From the line with "Metabo KFMVB 18" through the line with "adidas Originals Pantalons", inclusive, return each line of the data below exactly and leave the rest out.

----- Supplied data -----

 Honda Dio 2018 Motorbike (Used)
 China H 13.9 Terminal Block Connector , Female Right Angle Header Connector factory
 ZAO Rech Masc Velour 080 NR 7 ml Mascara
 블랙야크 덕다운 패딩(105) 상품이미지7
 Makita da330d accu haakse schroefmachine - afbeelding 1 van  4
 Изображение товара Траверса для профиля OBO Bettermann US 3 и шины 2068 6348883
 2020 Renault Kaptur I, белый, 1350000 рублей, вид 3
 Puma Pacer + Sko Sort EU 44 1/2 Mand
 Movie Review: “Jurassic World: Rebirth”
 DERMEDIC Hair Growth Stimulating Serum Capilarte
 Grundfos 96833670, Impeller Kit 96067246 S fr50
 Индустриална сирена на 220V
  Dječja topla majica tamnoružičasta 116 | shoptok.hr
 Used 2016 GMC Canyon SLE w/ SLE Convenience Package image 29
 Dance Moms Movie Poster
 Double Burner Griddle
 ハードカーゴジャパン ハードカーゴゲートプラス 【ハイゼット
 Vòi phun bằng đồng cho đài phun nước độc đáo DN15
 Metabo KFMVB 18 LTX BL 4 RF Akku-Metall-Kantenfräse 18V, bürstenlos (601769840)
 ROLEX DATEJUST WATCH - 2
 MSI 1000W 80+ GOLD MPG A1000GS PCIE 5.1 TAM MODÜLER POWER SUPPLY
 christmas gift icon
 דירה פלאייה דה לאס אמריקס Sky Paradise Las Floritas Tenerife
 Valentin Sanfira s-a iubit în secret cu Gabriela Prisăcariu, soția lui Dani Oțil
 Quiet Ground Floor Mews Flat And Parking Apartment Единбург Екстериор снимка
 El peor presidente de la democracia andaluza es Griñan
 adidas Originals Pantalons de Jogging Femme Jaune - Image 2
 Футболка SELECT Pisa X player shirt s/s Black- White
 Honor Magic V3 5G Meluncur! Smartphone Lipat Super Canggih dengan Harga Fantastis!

-----

▶ **Answer to this exercise**
 Metabo KFMVB 18 LTX BL 4 RF Akku-Metall-Kantenfräse 18V, bürstenlos (601769840)
 ROLEX DATEJUST WATCH - 2
 MSI 1000W 80+ GOLD MPG A1000GS PCIE 5.1 TAM MODÜLER POWER SUPPLY
 christmas gift icon
 דירה פלאייה דה לאס אמריקס Sky Paradise Las Floritas Tenerife
 Valentin Sanfira s-a iubit în secret cu Gabriela Prisăcariu, soția lui Dani Oțil
 Quiet Ground Floor Mews Flat And Parking Apartment Единбург Екстериор снимка
 El peor presidente de la democracia andaluza es Griñan
 adidas Originals Pantalons de Jogging Femme Jaune - Image 2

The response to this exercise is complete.